§ DATASET RECORDS
————

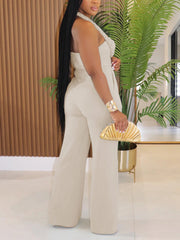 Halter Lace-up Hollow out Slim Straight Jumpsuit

————

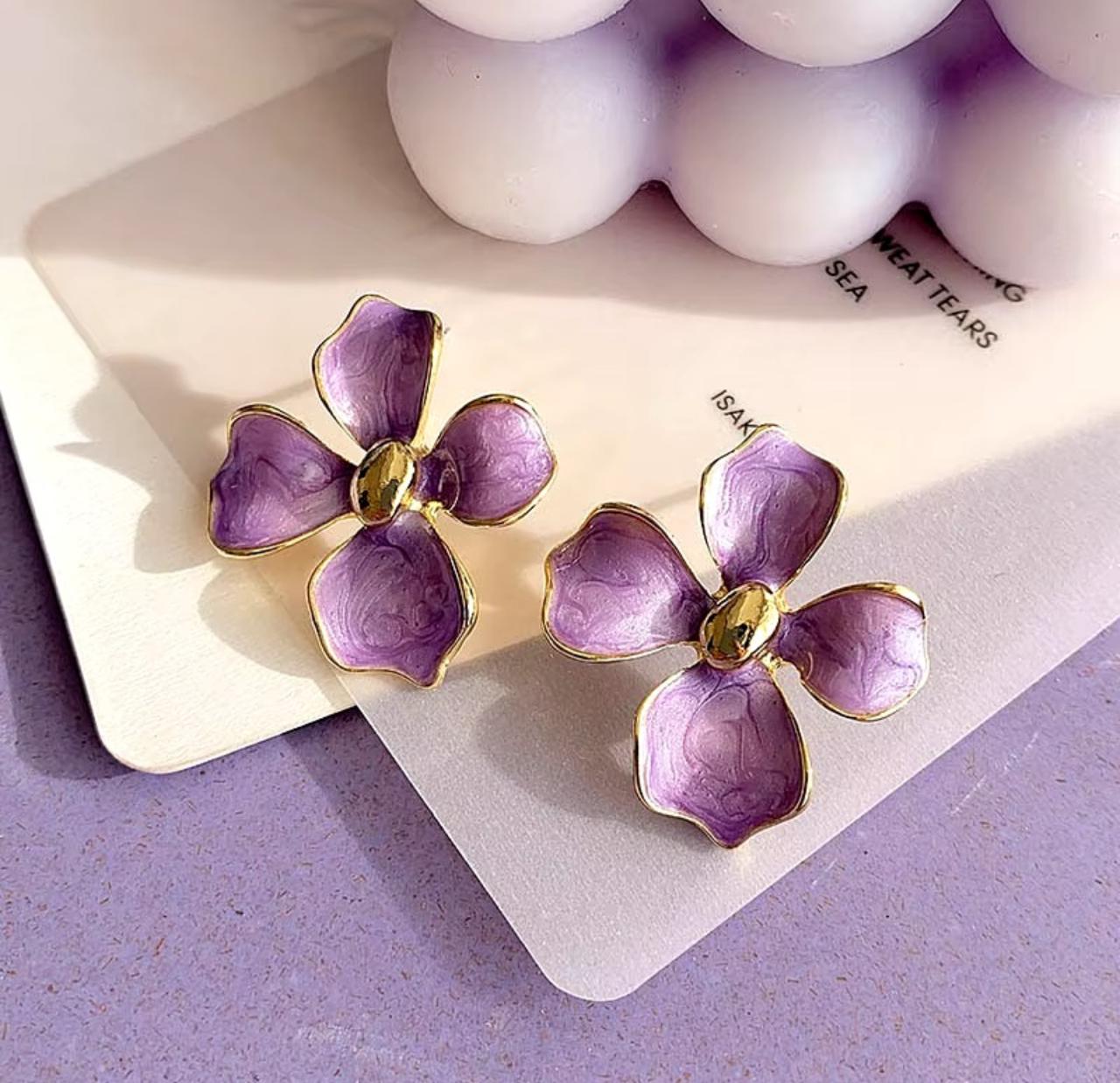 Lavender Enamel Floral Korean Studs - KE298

————

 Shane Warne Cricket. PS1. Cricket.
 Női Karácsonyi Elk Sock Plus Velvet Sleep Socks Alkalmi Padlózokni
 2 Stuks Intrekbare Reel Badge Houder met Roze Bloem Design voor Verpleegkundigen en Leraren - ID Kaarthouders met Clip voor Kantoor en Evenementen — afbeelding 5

————

§ WORK TO COMPLETE
Of the entries above, repeat exactly the lines from the line with "Női Karácsonyi Elk" through the line with "2 Stuks Intrekbare", both of them included.

§ YOUR RESPONSE
 Női Karácsonyi Elk Sock Plus Velvet Sleep Socks Alkalmi Padlózokni
 2 Stuks Intrekbare Reel Badge Houder met Roze Bloem Design voor Verpleegkundigen en Leraren - ID Kaarthouders met Clip voor Kantoor en Evenementen — afbeelding 5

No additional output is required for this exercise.